Next up was the longest portion of the evening, the last teaser for Smith’s Satur-19 before he premieres the full anthology work at Mercury Theater from December 6-8th. The section he showed on Friday was the ending, replete with the frantic image overlays and brilliantly destroyed color palettes of the previous sections he’s presented, with the edition of a very late-Godardian series of broken title cards that I don’t recall from the priorly screened works. “Time waits for no one” (also the official title of the excerpt) and “Seduced & Abandoned” flash across the screen along with Smith’s memories, a denouement running through his filmed and imagined memory at the pace of Ulysses’ “Penelope.” The one bit of text ripping itself apart on screen that got to me was “You can do it if you want to” which had “2024” hiding behind it, a mantra that I feel has defined Smith’s artistic ethos overall, but especially his film work as of late.

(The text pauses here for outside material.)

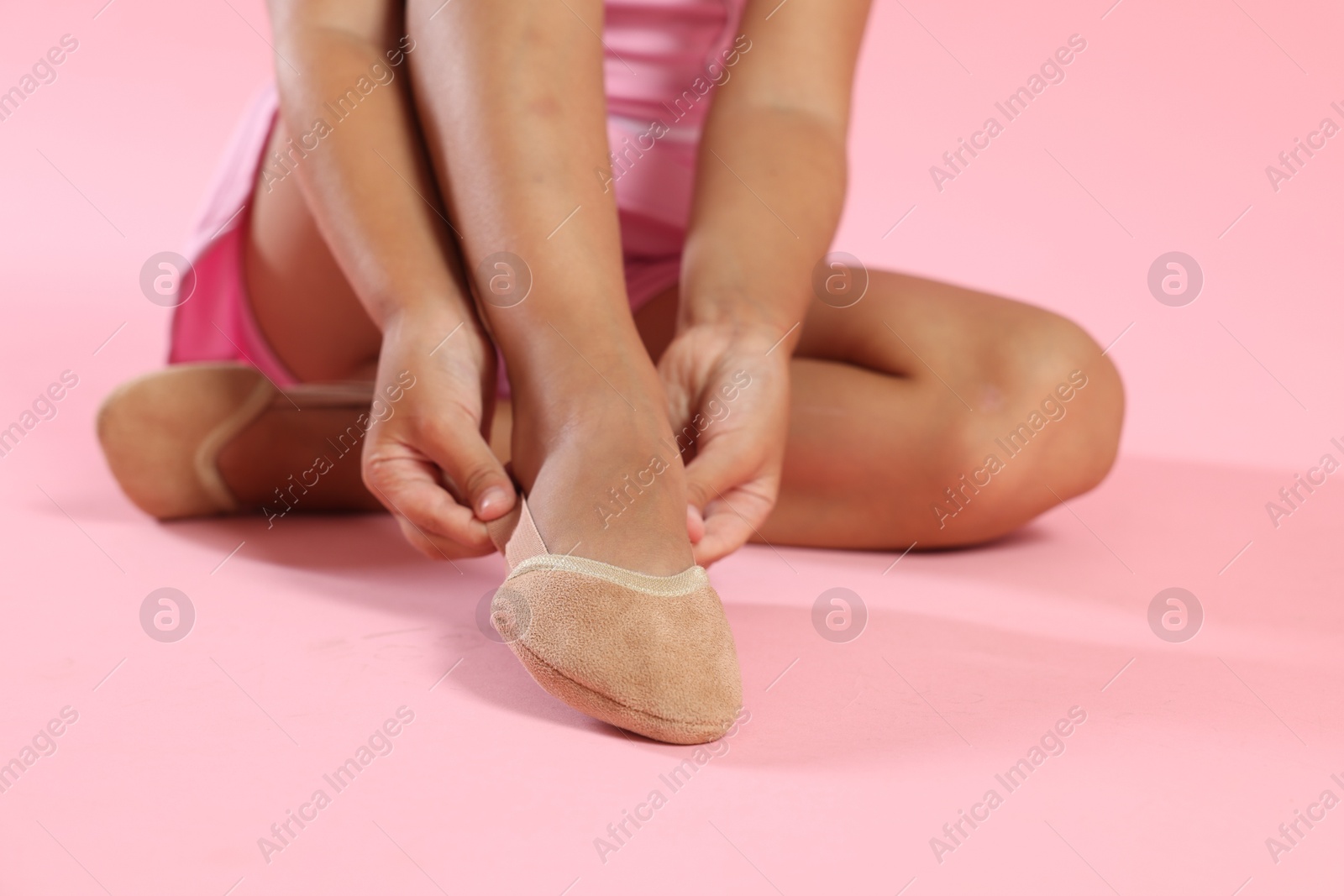 Photo of Little ballerina putting on pointe shoes against pink background, closeup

After an intermission — and plenty of technical difficulties which, if anything, help maintain the genuine DIY charm of these kinds of events as opposed to a sterile perfection — we got treated to Jake Binstock’s Luck (2024) by, of course, Jake Binstock. This was one of the first experimental works he completed after moving back to Maryland from Austin, an archival collage where Binstock searches through old and repurposed images looking for himself in his new home of Baltimore, set to the nowhere music of Angelo Baldamenti’s “Dance of the Dream Man” from Twin Peaks. While being a piece set within a seasonal depression, Binstock’s humor still seeps in through the cracks. It was a good primer for the levity of Julia E. Cooke’s Ham Movie (2024), which is an animated movie about hams, set in a world of hams, with ham neighbors and ham friends — this is a movie I would recommend wholeheartedly.
We finish with more remix-music pairings, including one of the Phenakisto music set to Lumières brothers’ L’Arrivée d’un train en gare de La Ciotat (1896), one of the most famous pieces of film for the urban legend that the film sent Parisian cafe-goers running as they thought a real train was about to burst through the screen. This becoming the tale of tales for Film 101 is actually a failure of understanding in early film criticism, because it was originally a metaphor penned by Maxim Gorky to describe the subjective feeling one gets when observing the Lumières’ novel invention. Serious discussion turns to whispers, and people forget where things come from and invent how they must’ve felt. But a key part to the experience of Barry’s remixing silent cinema and playing it with cutting edge music that could just as much have a home at a noise set serves to bring back the experientiality of silent film that is easily lost in academic or archaeological impulses — it breathes life back into it. The whole breadth of film history, from the world-historic early days to the contemporary, local avant-garde are hand-in-hand when Barry is hosting.